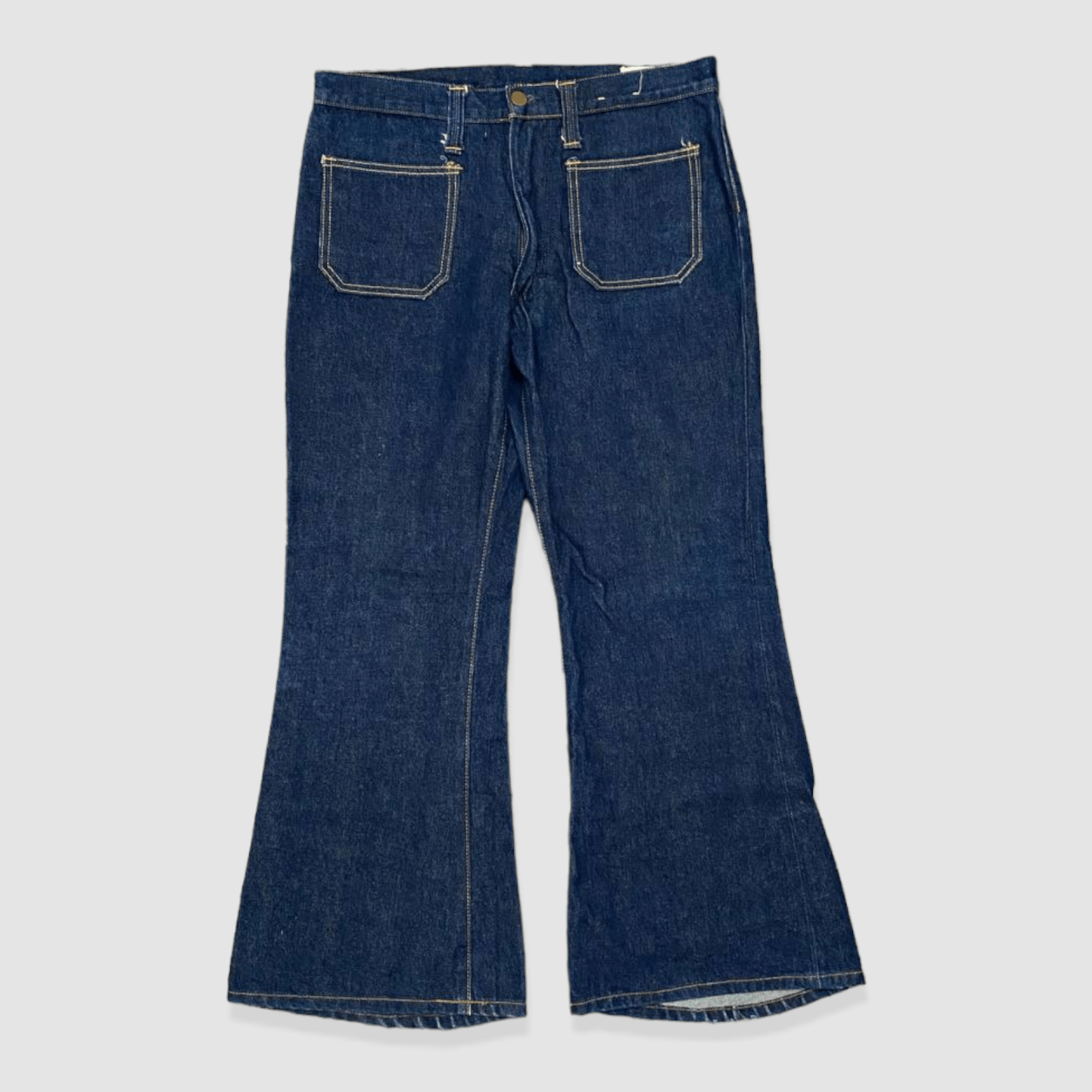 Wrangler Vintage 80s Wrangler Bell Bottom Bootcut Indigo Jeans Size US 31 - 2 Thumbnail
--
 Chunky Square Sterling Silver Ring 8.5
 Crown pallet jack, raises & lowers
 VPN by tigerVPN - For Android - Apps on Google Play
--
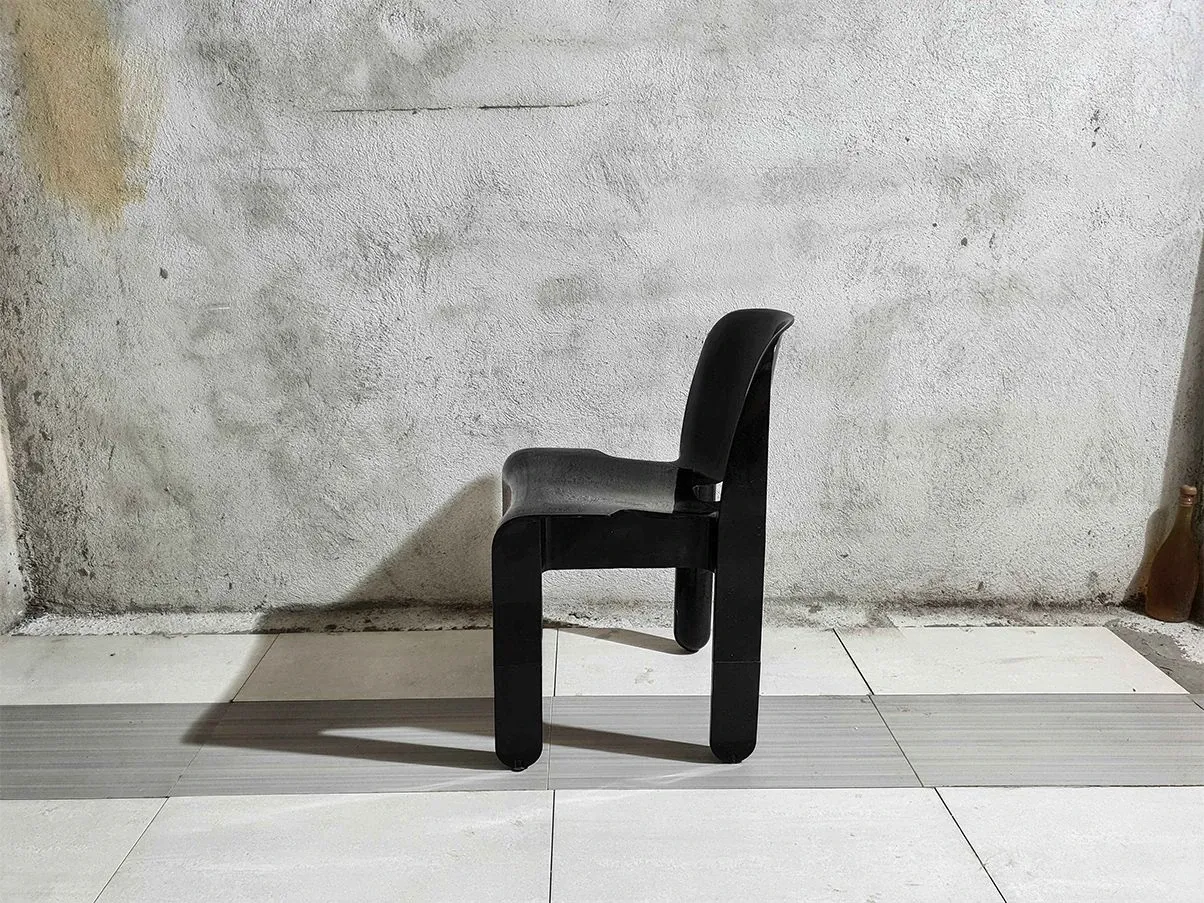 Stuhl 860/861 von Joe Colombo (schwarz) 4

Problem details — Of the entries above, repeat exactly the lines between the line with "Crown pallet jack, raises & lowers" and the line with "VPN by tigerVPN", inclusive, and no others.

Response to this exercise —
 Crown pallet jack, raises & lowers
 VPN by tigerVPN - For Android - Apps on Google Play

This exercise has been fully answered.